5.2. Intersection of Two Sets
The comm command excels at comparing two sorted files line by line. It categorizes lines into three groups:
- common lines present in both files
- unique to the first file, not found in the second file
- unique to the second file, not found in the first file
This functionality enables us to mimic set behavior for tasks like finding the intersection or difference between two sets of data stored in separate files.
Let’s run the comm command to find the intersection:
$ comm -12 groceries.txt new_groceries.txt
apple
Option -1 suppresses the column showing lines unique to the first file, while option -2 suppresses the column showing lines unique to the second file. Consequently, the output is the common lines (intersection) between the two files.
5.3. Difference of Two Sets
Alternatively, we can find the difference:
$ comm -3 groceries.txt new_groceries.txt
banana
carrot
grape
grapefruit
kiwi
orange
pear
The -3 option specifically displays lines that are unique to both files.
5.4. Custom Functions
While the tools we’ve just discussed provide a definitive approach for mimicking set behavior, we can perform even more complex operations with custom functions.

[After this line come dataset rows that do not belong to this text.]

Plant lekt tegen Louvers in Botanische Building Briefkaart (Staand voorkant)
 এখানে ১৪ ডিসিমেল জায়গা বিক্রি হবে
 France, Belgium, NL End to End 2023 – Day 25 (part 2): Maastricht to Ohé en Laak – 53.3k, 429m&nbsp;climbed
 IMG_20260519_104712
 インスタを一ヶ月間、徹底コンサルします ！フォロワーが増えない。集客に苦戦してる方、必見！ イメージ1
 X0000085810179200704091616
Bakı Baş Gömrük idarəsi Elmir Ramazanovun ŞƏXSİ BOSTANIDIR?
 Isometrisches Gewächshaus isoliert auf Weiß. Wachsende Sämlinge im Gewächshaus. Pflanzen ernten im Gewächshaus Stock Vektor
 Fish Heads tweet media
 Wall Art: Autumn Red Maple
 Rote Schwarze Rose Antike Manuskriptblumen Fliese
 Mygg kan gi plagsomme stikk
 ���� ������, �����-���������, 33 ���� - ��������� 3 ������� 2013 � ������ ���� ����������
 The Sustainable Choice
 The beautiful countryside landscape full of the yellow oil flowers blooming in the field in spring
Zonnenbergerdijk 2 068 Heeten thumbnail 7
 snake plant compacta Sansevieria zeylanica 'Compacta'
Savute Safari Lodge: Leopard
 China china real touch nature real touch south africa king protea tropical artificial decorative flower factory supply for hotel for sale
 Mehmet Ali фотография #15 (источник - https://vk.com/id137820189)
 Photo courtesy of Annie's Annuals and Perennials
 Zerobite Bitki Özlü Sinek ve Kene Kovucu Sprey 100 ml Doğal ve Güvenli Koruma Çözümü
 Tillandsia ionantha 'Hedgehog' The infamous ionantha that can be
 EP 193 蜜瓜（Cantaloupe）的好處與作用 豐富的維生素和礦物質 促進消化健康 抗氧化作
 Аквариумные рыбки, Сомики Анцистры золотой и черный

For example, we can check if a file is a subset of another file. To do this, we need a function that accepts two arguments, the file we’re checking and the reference file:
$ cat is_subset.sh
#!/bin/bash
is_subset() {
local elements_file="$1"
local reference_file="$2"
# implementation
}
is_subset "$1" "$2"
Next, we’ll create an associative array inside the is_subset() function with the content of the reference file:
declare -A ref_set
# Read reference set and populate the array
while read -r line; do
ref_set["$line"]=1
done < "$reference_file"
Finally, we’ll pass elements_file into a loop and check for any line that isn’t in the reference_file. If there is, we immediately know that the elements_file is not a subset, and we exit the loop:
while read -r line; do
if [[ ! "${ref_set[$line]}" ]]; then
echo "Is not a subset"
return 1
fi
done < "$elements_file"
However, if the loop finishes without exiting, then elements_file is a subset:
echo "Is a subset"
return 0
Let’s give it a try:
$ bash is_subset.sh new_groceries.txt groceries.txt
Is not a subset
As expected, this is not a subset. Let’s do it again with a new script to get a positive result:
$ cat apple.txt
apple
$ bash is_subset.sh apple.txt groceries.txt
Is a subset
We can perform multiple other set operations by applying logic within custom functions.
6. Conclusion
In this article, we discussed various equivalents for set data structure in Bash. We learned that sets, collections of unique elements, can be implemented using associative arrays. We also tried out tools like awk, sort, uniq, and comm which are more suitable for advanced tasks or handling large datasets.
Finally, for a more complex set manipulation, we created a custom function.
The best approach for working with sets in Bash depends on the specific task at hand. We should consider the size and complexity of the data, and the availability of Bash functionality and its surrounding tools.